H2 = basis |> map( fn: (r) => ({ _measurement: r._measurement, _time: r._time, main: r.main, process: r.process, _value: r.H2, _field: "val", tag: "H2", }), ) |> group( columns: [ "_measurement", "main", "process", "tag", "_field", ], ) |> aggregateWindow(every: 1h, fn: mean, createEmpty: true) |> drop(columns: ["_start", "_stop"]) |> to(bucket: "MK1runninghours")

janhuddel commented 11 months ago

I am facing the same problem. I want to migrate my data to a new bucket and also have the problem that data points from the same series result in different tables.

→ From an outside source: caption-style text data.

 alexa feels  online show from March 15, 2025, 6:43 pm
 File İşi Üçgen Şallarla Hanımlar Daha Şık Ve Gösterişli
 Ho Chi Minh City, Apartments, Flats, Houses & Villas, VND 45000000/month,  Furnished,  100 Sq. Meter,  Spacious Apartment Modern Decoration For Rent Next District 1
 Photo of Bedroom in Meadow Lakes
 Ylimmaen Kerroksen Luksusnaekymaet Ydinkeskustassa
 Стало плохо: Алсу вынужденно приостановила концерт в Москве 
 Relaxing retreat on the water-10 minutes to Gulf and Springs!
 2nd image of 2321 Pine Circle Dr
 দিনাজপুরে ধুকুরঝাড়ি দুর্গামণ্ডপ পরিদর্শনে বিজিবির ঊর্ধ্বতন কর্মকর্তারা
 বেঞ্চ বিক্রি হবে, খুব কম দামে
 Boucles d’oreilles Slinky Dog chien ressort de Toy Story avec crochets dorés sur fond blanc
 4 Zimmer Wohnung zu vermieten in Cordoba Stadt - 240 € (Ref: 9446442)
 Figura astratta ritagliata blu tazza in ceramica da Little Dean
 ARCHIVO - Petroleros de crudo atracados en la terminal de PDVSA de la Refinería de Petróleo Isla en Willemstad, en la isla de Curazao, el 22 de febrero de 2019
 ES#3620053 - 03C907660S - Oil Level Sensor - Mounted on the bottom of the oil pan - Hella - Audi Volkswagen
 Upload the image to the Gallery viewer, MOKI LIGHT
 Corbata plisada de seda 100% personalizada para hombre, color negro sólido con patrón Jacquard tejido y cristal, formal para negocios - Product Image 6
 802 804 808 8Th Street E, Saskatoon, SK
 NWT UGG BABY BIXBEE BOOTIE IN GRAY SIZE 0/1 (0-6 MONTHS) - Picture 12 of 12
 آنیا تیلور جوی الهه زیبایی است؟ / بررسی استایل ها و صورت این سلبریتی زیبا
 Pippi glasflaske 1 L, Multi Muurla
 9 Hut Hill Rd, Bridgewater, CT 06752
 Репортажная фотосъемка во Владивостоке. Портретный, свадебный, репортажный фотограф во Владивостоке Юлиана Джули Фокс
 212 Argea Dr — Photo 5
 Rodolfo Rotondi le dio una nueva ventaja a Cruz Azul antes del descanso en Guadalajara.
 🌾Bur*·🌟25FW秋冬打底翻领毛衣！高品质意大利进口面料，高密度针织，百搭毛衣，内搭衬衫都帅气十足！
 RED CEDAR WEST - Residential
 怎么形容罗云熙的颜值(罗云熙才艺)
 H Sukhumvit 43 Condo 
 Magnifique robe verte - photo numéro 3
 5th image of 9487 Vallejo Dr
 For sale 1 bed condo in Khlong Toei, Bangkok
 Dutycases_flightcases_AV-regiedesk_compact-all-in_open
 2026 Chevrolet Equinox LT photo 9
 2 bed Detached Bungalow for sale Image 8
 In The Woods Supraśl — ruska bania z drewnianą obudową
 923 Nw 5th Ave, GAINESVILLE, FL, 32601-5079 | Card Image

Does my migration project fail now or are there any workarounds?

XuZhen86 commented 11 months ago

I added a "map, fn, if" statement and it appears to resolve the issue. Please see above for an example. IIRC the issue is resolved as long as there's an "if" statement, even if it's a dummy "if" that never branches. The query would run slower and uses more memory(?)

janhuddel commented 11 months ago

Thank you for the advice about the dummy IF statement. That seems to be a good workaround.

gazpachoking commented 11 months ago

I've just been explicitly calling group and sort for every query on my data. That fixes the issue. Really annoying it's required, but I don't think we'll be getting a real fix in influxdb 2.0.

brettbeeson commented 9 months ago

Hi!

I understand Flux is moving to maintenance, but I reckon this should be fixed, as it's a fundamental function of the engine. For example, calling last() should not return two values!

@Anaisdg Could you advocate for a fix?

Example with last() and the workaround (as mentioned above) works in my case:

...
|> last()
// returns 2 values!

...
|> map( fn: (r) => ({r with _time: if exists r._time then r._time else r._time })  )
|> last()
// returns 1 value
brettbeeson commented 7 months ago

Arrrggghhh... this caught me again! Maybe it's a sign I should give up on Influx and migrate to TimeScaleDB?

aas-hydrologiq commented 1 month ago

I ran into this when introducing more tags into a bucket (from 1 tag to 3 tags), so I presume it's the underlying data structure causing this.

I found that the map and group/sort workarounds were massively decreasing the performance of the queries. An alternative workaround, which I've found to be more performant on my dataset is to make use of pivot and unpivot, an example is below.

import "experimental"
import "influxdata/influxdb/schema"

data |> schema.fieldsAsCols() |> experimental.unpivot()

I hope this will be fixed in flux but that seems unlikely. It would be good to understand the root cause and if there is a better workaround.